Verifying the St. George petition is on government time; Mundane clarification given on counting signatures
BATON ROUGE – A lengthy state legal opinion does not suggest any noteworthy changes from 2015 about how the registrar of voters should handle signatures needed to move a petition to create the city of St. George forward but outlines “absurd” understandings of law and includes the definition of “reasonably” and an education in legal “common sense.”
The Louisiana Attorney General’s Office released its opinion Tuesday following an earlier inquiry from East Baton Rouge Parish Registrar of Voters Steve Raborn and a list of 25 question asking for specifics about laws related to petition drives. Raborn asked for clarification on items from if he is the official keeper of the list of names on the St. George petition to how to calculate the needed number of signatures.

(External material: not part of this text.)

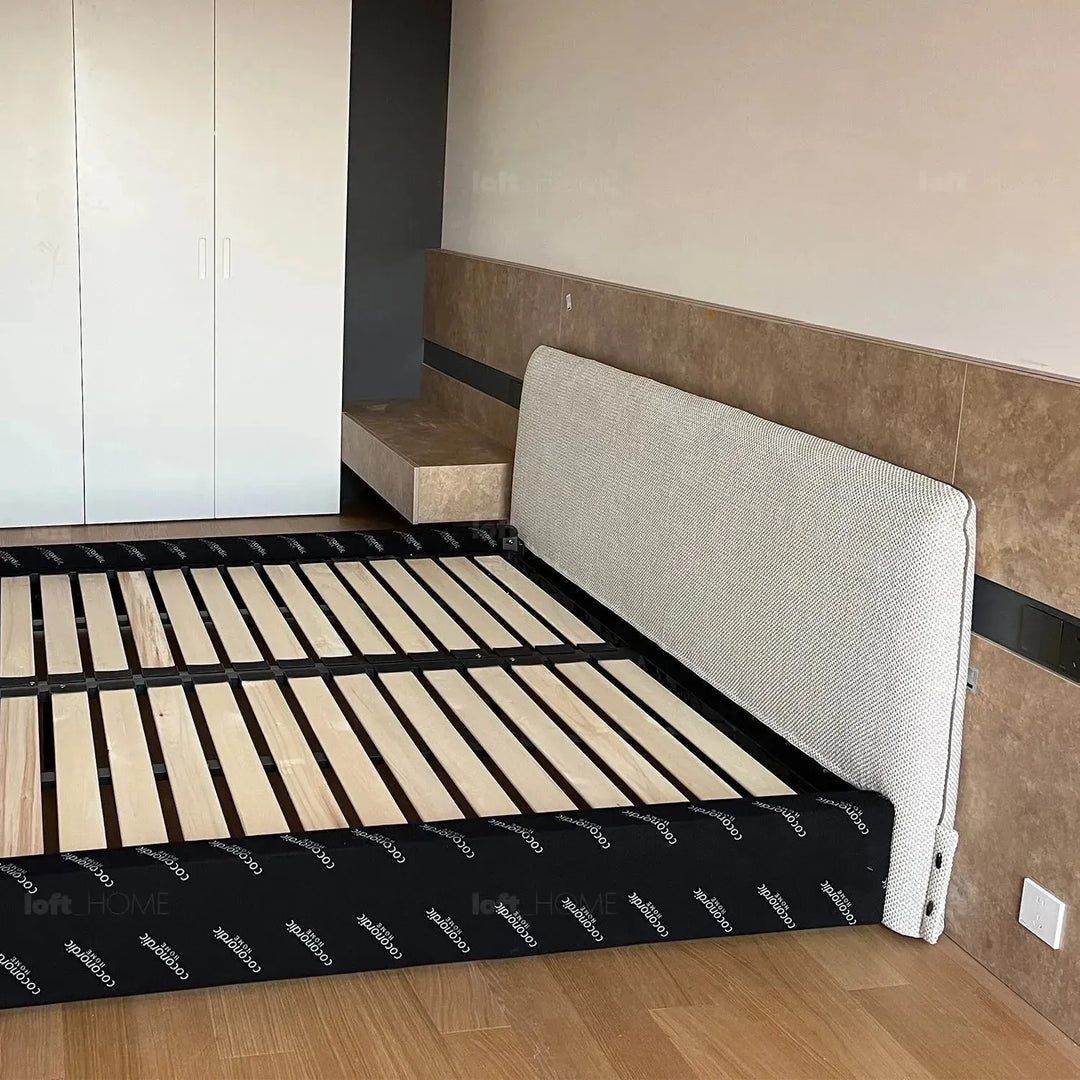 Minimalist fabric bed muuo situational feels.
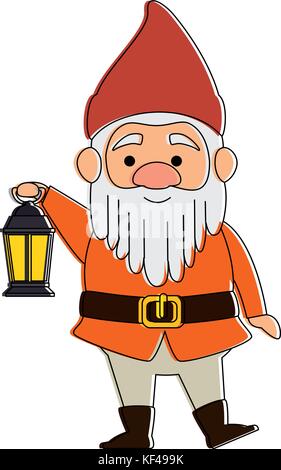 Cute gnome mit Miner lampe Charakter Stock Vektor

Perhaps the most straightforward clarification was on the number of signatures needed – 25% of the number of electors in the area at the time the petition is filed with the registrar are need to have signed the petition to advance the petition. Inactive voters can sign the petition but cannot be counted in the lump sum used to determine the number of total signatures needed.
Additionally, proponents of St. George will have an additional sixty days to obtain more signatures if the petition fails to meet the required number, though opponents would get no second chance to have names struck from the final tabulation.
A “window to [remove a name from the petition] … cannot be applied to the additional sixty day period,” state legal experts wrote in the opinion released to WBRZ.
If the petition meets the required number of signatures, it is forwarded to the governor to make a “determination as to whether an election shall be called.”
While the attorney general’s opinion does not set a deadline on when the registrar must validate the petition, it suggests a determination must be made within a reasonable amount of government time.
Organizers of the proposed city of St. George submitted the petition with more than 14,000 signatures a week ago Monday. Opponents had until Monday evening to submit documents from voters who had decided to have their name removed.
St. George organizers believe they need about 13,000 signatures. In 2015, the first petition got thrown out of court after the group fell 71 valid signatures short.
In a previous WBRZ report on the petition verification process, Raborn said counting the signatures will “take a while”… [possibly] several months."